A sort of anthology film, Karen Moncrieff's The Dead Girl serves up five stories interconnected by one common concern: a murdered woman played by Brittany Murphy. In her orbit are "The Stranger" (always brilliant Toni Collette, as the curious discoverer of the corpse), "The Sister" (Rose Byrne, electrified by the possibility that the Dead Girl is her long-lost sibling), "The Wife" (Mary Beth Hurt, married to a man whose nocturnal wanderings could be connected to the murder), and "The Mother" (Marcia Gay Harden, tracking the footsteps of her dead daughter). In examining these women's disturbed social roles, Moncrieff comes up with a novel feminist drama.
Though the women at the center of each story are all survivors, they're also victims: of browbeating men, of American culture and, perhaps most disturbingly, of each other. Collette's character suffers under her shut-in mother, an overwrought harridan on the level of a horror movie (and indeed, Piper Laurie—Carrie's abusive mother—plays the role). The story improves when it leaves their squalid home: "The Stranger"'s quiet rebellion in the wake of a dead girl—with whom she creepily identifies, perhaps even envies—is to seize on sexual opportunity and kinkily act out (with Giovanni Ribisi's unsettling suitor).
Byrne's "Sister," too, is dead inside, and tormented with elusive chances at happiness. Overflowing with a sadness that Byrne makes horribly palpable, the sister is desperate for closure; until she gets it, she cannot see her way to accept the love overtures of a fellow forensic student (James Franco). Harden's walking-wounded "Mother" faces the challenge of starting from scratch when the dead girl's partner in runaway prostitution (Kerry Washington) reveals a heretofore unknown grandchild. Hurt's long-suffering "Wife" is a familiar character in a familiar situation: discovering the buried secrets of her testy spouse (Nick Searcy). Ultimately, Moncrieff flashes back to the fate of "The Dead Girl."

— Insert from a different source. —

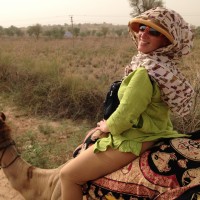 India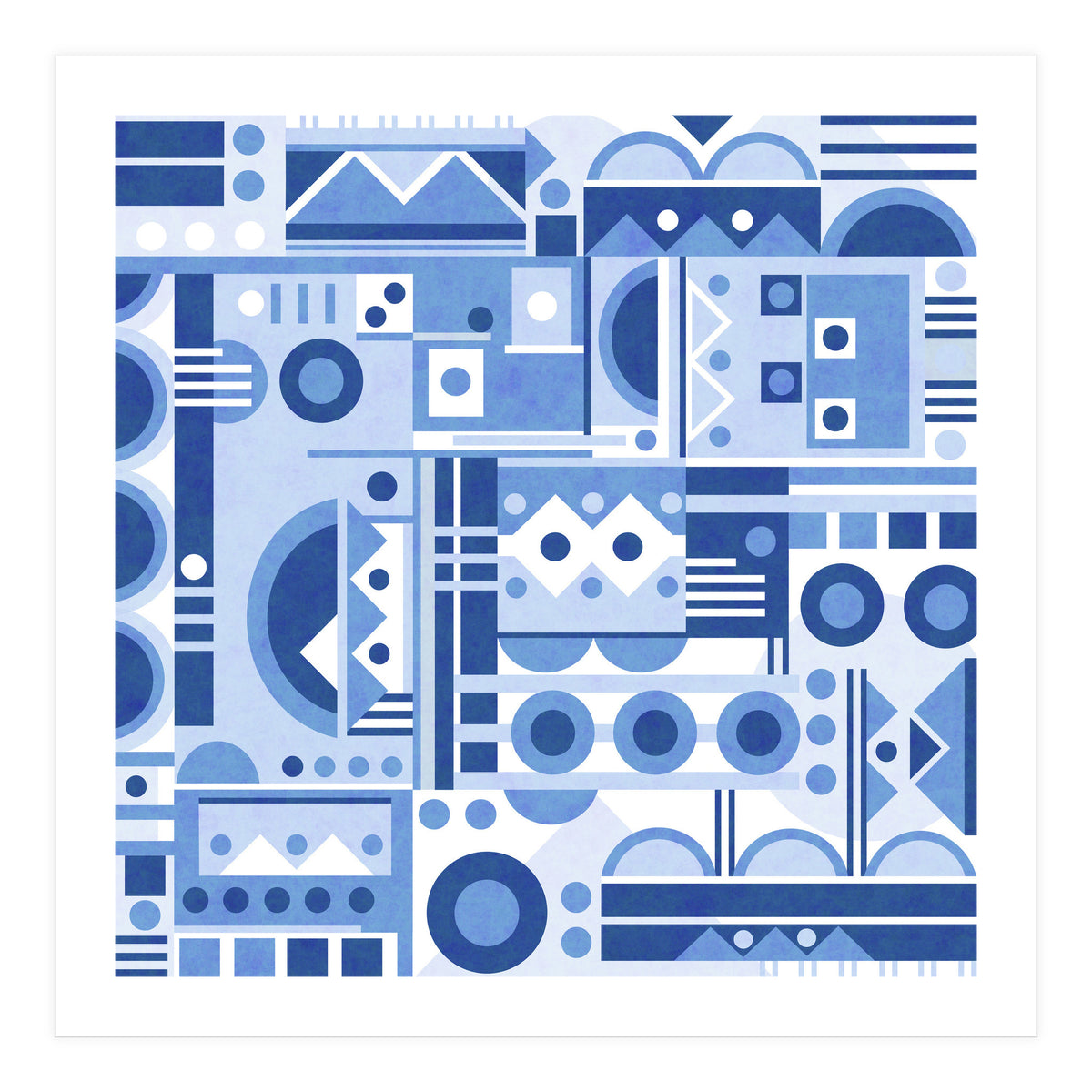 Groove Mono (Print Only)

Certainly, some stories succeed better than others; Moncrieff and her cast indulge melodrama in cinematic short stories that hustle to get their points (in this way, Harden and Washington's story is close but no cigar). But there's an underlying, unifying power and credibility to Moncrieff's cumulative assertion that degradation is expected of too many women, and too often expected by themselves.